New development of alternative non-lead ammunition allows hunters the same performance and accuracy of traditional lead-based ammunition without fragmentation. Non-lead ammunition consists of solid copper or copper alloys (90-95% copper and 5-10% zinc) and is available in a large variety of calibers and bullet weights for rifle, shotgun and muzzleloader.

High-Tech Bullets and Slugs: Non-Lead Ammunition PDF

Benefits of Non-lead Ammunition

  • Less prone to fragmenting as it is harder than traditional lead.
  • Eliminates bullet fragments in the wound channel as it forms a "mushroom" or peels back upon impact.
  • Delivers devastating hydrostatic energy and shock to a game animal.
  • Yields more high quality meat as it retains 95-100% of the original bullet weight.
  • Reduces risk of harming other wildlife, particularly eagles, from getting sick and dying from lead consumption.

Lead Ammunition

Consuming Lead in Wild Game

Did you know small lead fragments can be present in hunter-harvested deer and bear, particularly in ground meat?

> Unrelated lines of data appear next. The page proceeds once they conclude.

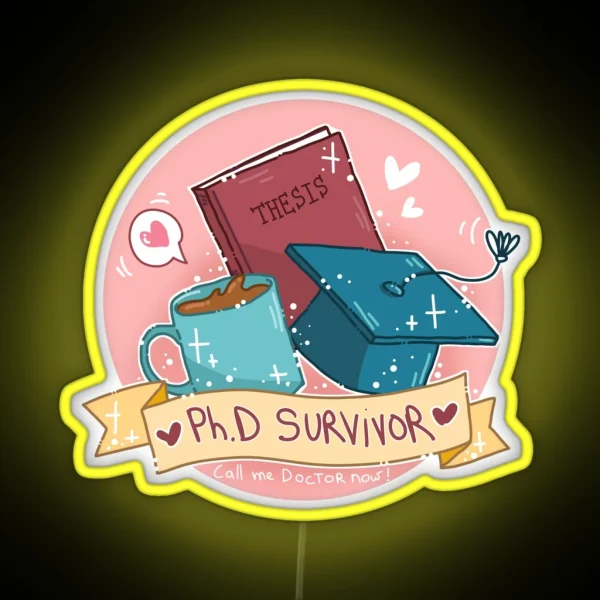 Phd Survivor RGB Neon Sign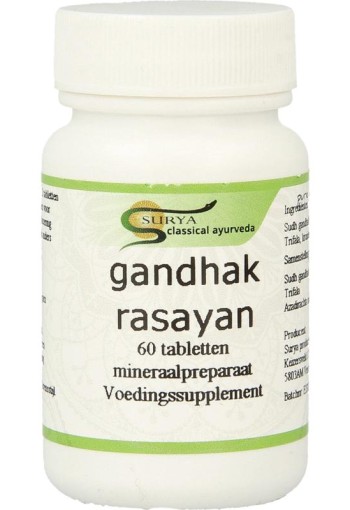 Surya Gandhak rasayan (60 Tabletten)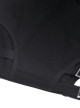 Punk Style Stand Collar Rebellious Hollow Metal Buckle Strap Sexy Black Long Sleeves Short Top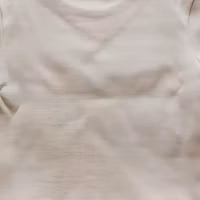 Sizing (W) MIU MIU SS24 徽標短版T恤 米白色短袖上衣 MJN847-13VD-F0018-S-232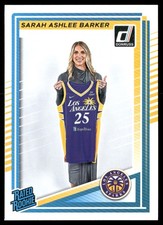Sarah Ashlee Barker 2025 Donruss WNBA #100 Rookie Los Angeles Sparks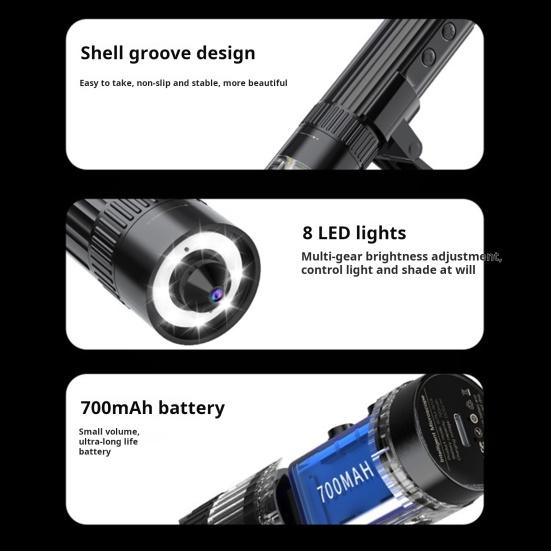 Цифровой микроскоп с регулируемой подставкой 8 светодиодных ламп 50X-1000X 1080P USB WiFi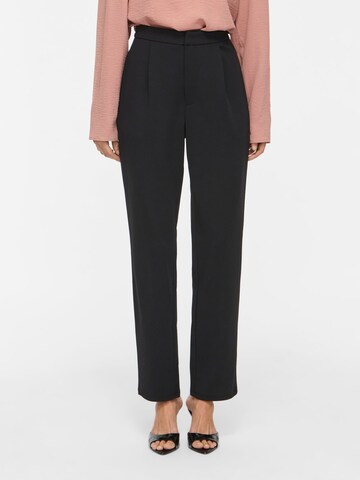 VILA Slimfit Broek 'VIClara' in Zwart: voorkant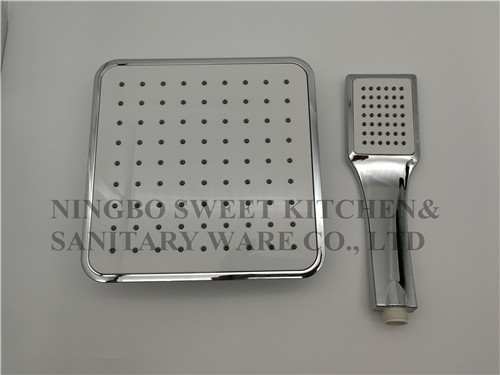 ABS material shower head hand shower square top shower spray shower set single flows bathroom accessories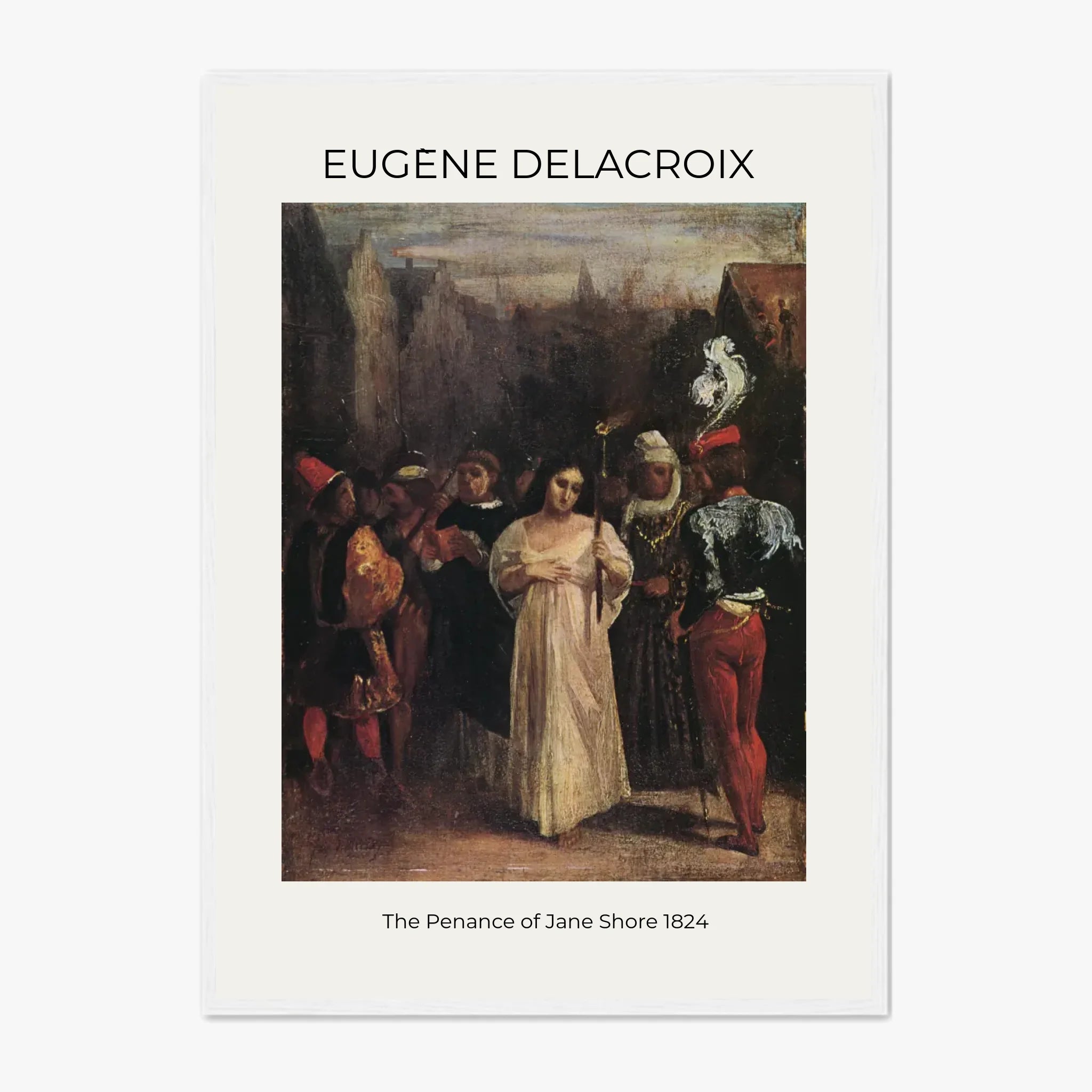 Tableau Eugène Delacroix The Penance of Jane Shore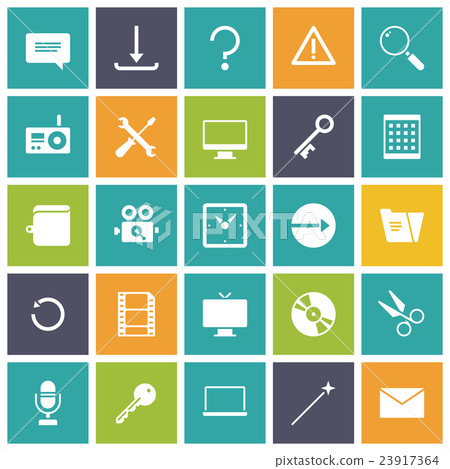 Flat design icons for user interface - Stock Illustration [23917364 ...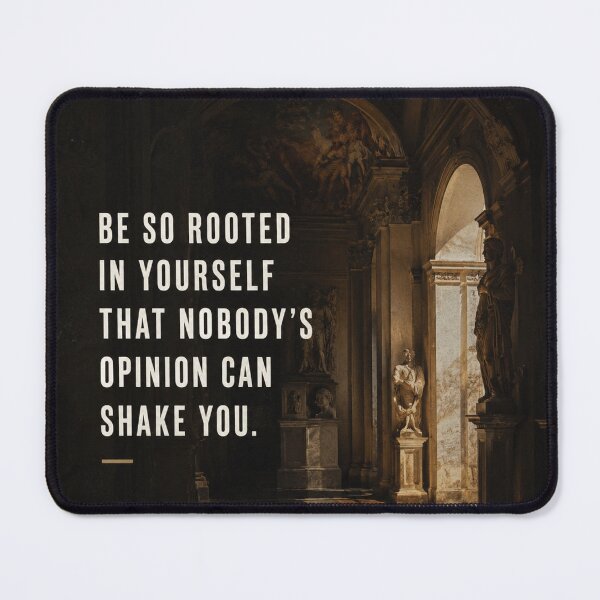 Item preview, Unshakable — A Stoic Mindset Quote designed and sold by vibemuseum.studio.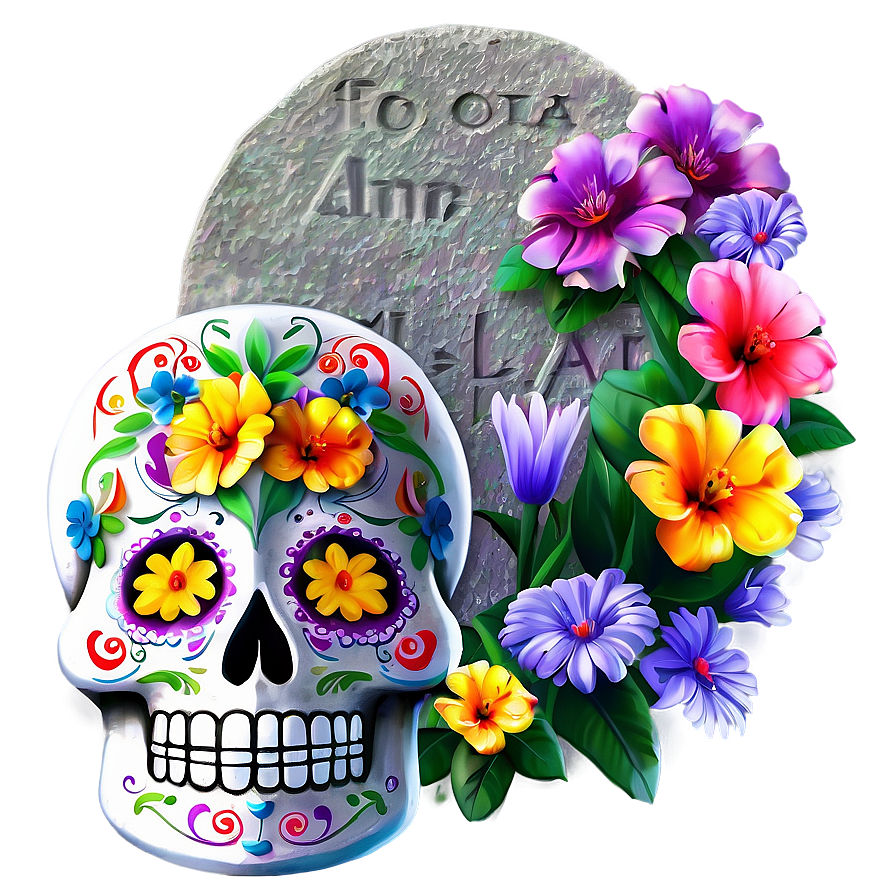 Dia De Los Muertos Decorated Graves Png 55 PNG image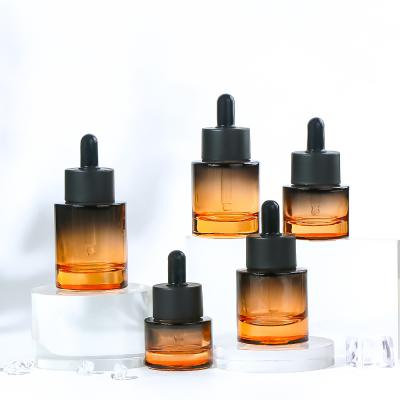 Chine Vente en gros 1 oz 2 oz bouteille goutteuse d'huile de parfum de luxe personnalisé noir vert vide bouteille goutteuse en verre pour l'huile essentielle à vendre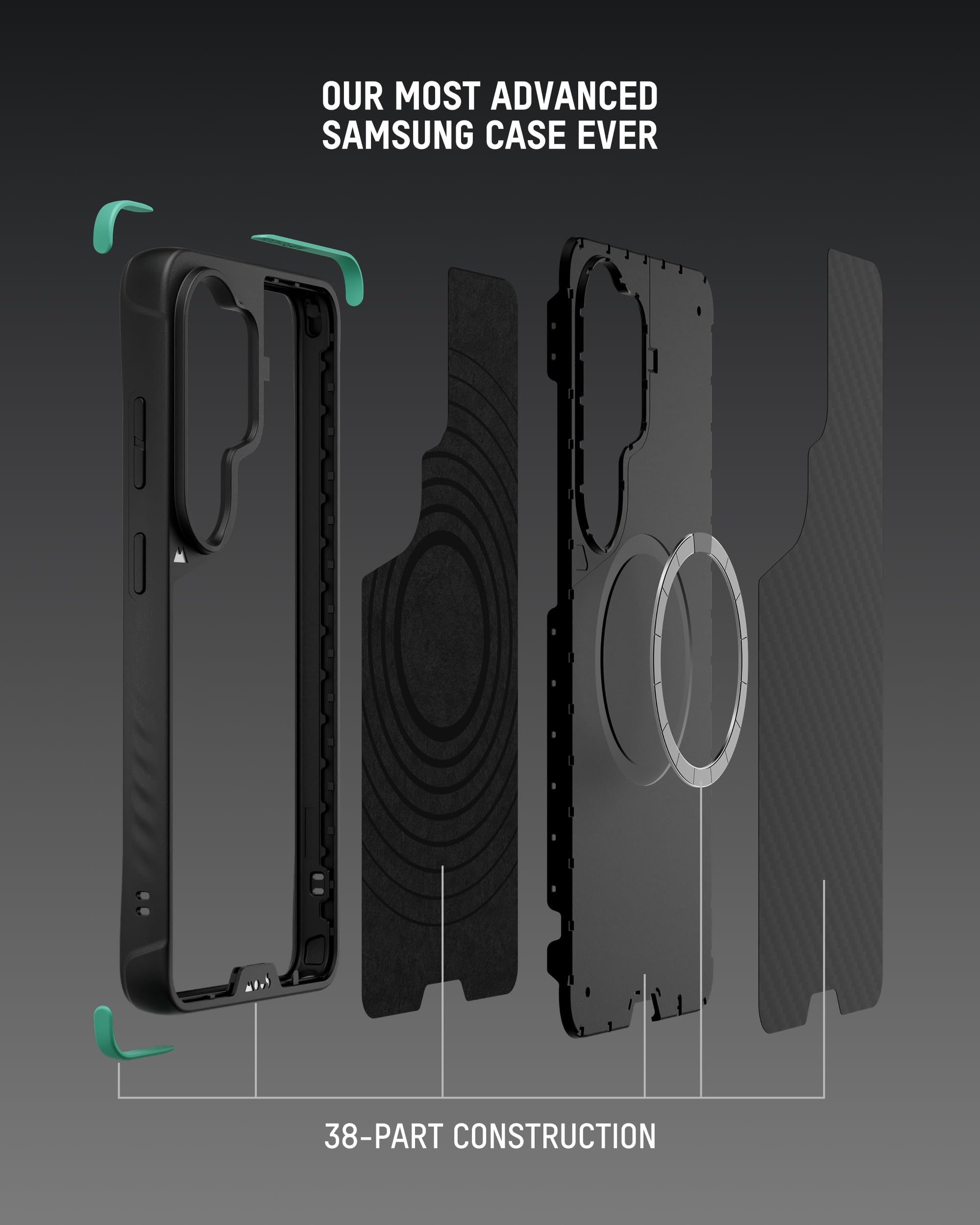 Mous für Samsung Galaxy S26 Ultra Hülle, Kompatibel mit MagSafe, Limitless Aramidfaser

Often, lead particles are too small to detect by sight or feel, making removal practically impossible.

Nationally, several federal and state agencies have investigated the potential impacts of ingesting lead fragments in harvested wild game to raise hunter and consumer awareness; offer educated decisions for bullet selection; and provide steps that can be taken to decrease the possibility of lead in hunter-harvested meat.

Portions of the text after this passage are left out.